At around ten this morning a Canaltime boat arrived at the top of Swarkestone Lock to come down, we were about ready to go so took advantage of the empty lock they left to get away.
Our friend Carol used to live at the lengthman’s house just along from the lock. That was her Dad’s job for British Waterways. It’s now in private hands, but the workshop and store alongside are still used by C&RT.
When the Trent and Mersey Canal was constructed in the 1770’s, the Trent was still a viable navigation, upstream as far as Burton upon Trent. Swarkestone village lies on the north bank of the river and had some wharfs and warehouses relating to the river traffic, so a short branch, through four locks, connected the river near the village to the canal. There’s no trace of the branch now, but it may have left the canal a couple of hundreds yards above the buildings.

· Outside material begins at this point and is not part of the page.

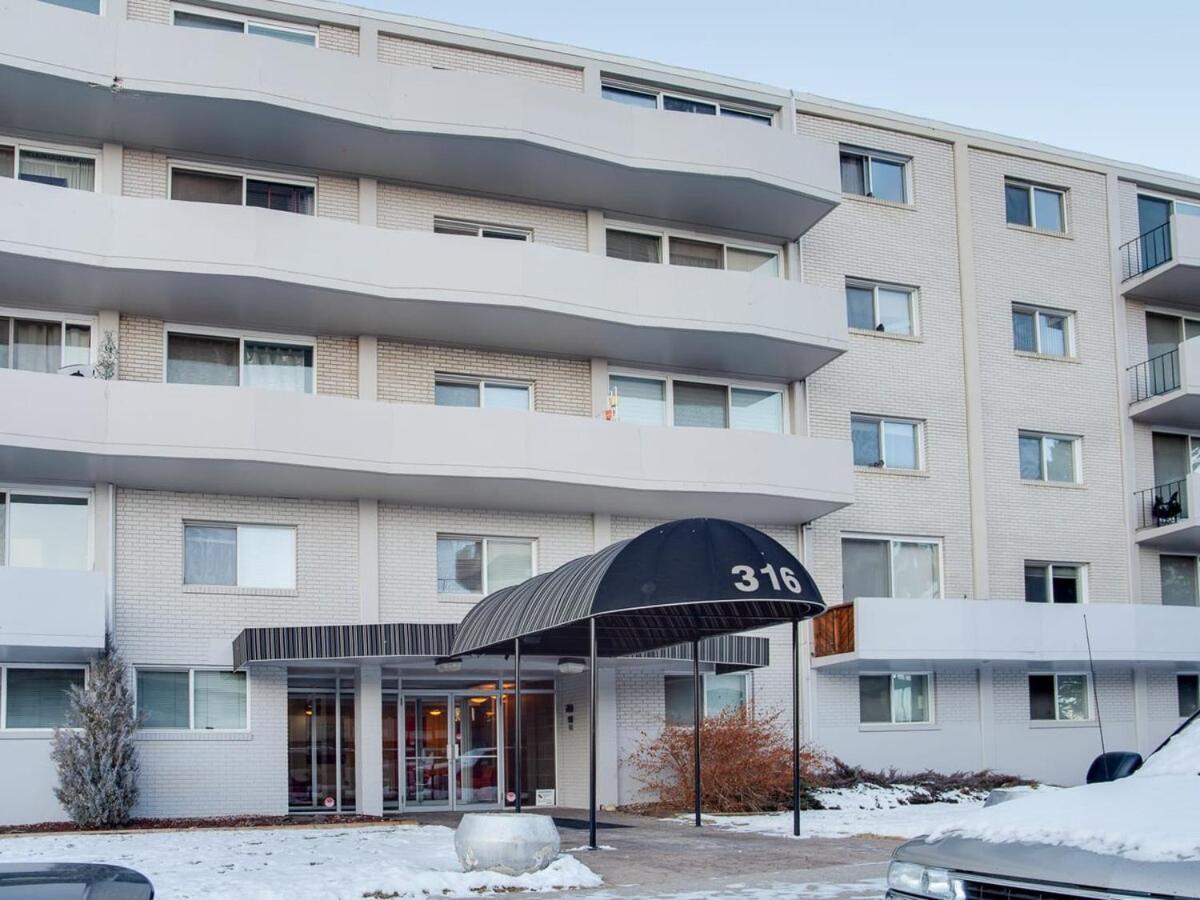 Gorgeous 2Br Condo W Parking Patio Coffee! Κάλγκαρι Εξωτερικό φωτογραφία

The last of the wide locks is also the deepest. At 12½ feet it holds a substantial amount of water, so takes a while to fill and empty. There was a boat coming down when we arrived, and by the time we were in another boat had turned up, so joined us on the way up.
In the summer the cafe alongside is a popular spot to watch boats going up and down. It’s also popular with the local swans….
We pulled in on the moorings above the lock, opposite Stenson Marina. We’ll stay put tomorrow, the forecast is looking pretty grim. On Friday we’ll cruise the 1½ miles to Mercia Marina, where we’ll be staying for the weekend.